Being bullied at school is no trivial thing, it can can leave a mark that changes how you think about life and in many cases this feeling does not simply go away. Although it is other people that are to blame often the recipient comes to feel they are of no worth. I don't know why, it seems sort of inbuilt - perhaps if you are treated badly you mistakenly feel you are not worthy of being treated well.
That can make a big difference ot confidence and trust when around other people.
May I ask if you are seeking professional help for you anxiety and depression? The reason I ask is I could never get myself in a better state by myself and only started my recovery wiht the aid of medical professionals
You've obviously plenty of brains, your academic qualifications in the more rigorous area is testament to that and you also have specific interests - something not everybody can find for themselves.
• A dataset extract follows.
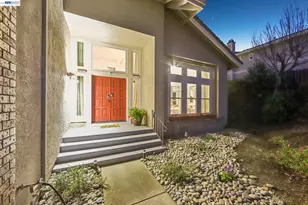 8244 Brittany Dr, Dublin, CA 94568 - Photo 3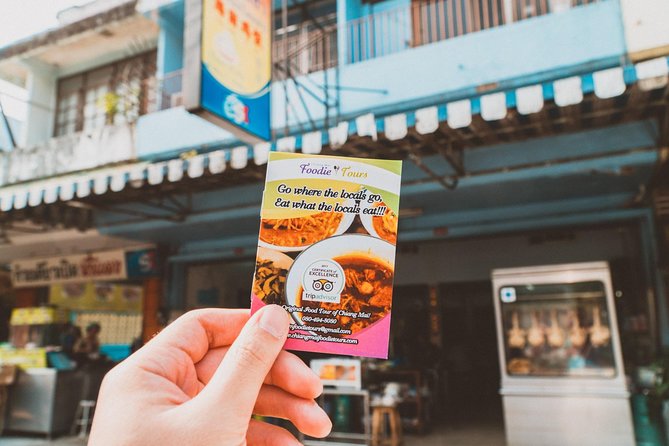 Go where the locals go, Eat what the locals eat! Food Tour with Local Foodies - Three Kings Monument to Kao Man Gai: Starting Smart in the Old City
There may well have been either a downturn in your particular area, or perhaps you are not as good at selling yourself as others (so get help with that), however the things you like, geography, maps and data are becoming increasingly important, for example in the medical field. 2023 will be a year where planning how to spend limited budgets to best effect is going to depend on those three things.
While you may be stuck in low skilled manual work at present just to keep your hand in until something better offers have you considered any of the Citizen Science areas, another field where these three are vital?
Trying to cope with all this by yourself is hard. Do you have anyone, family or freind perhaps, you can speak frankly wiht and get some support?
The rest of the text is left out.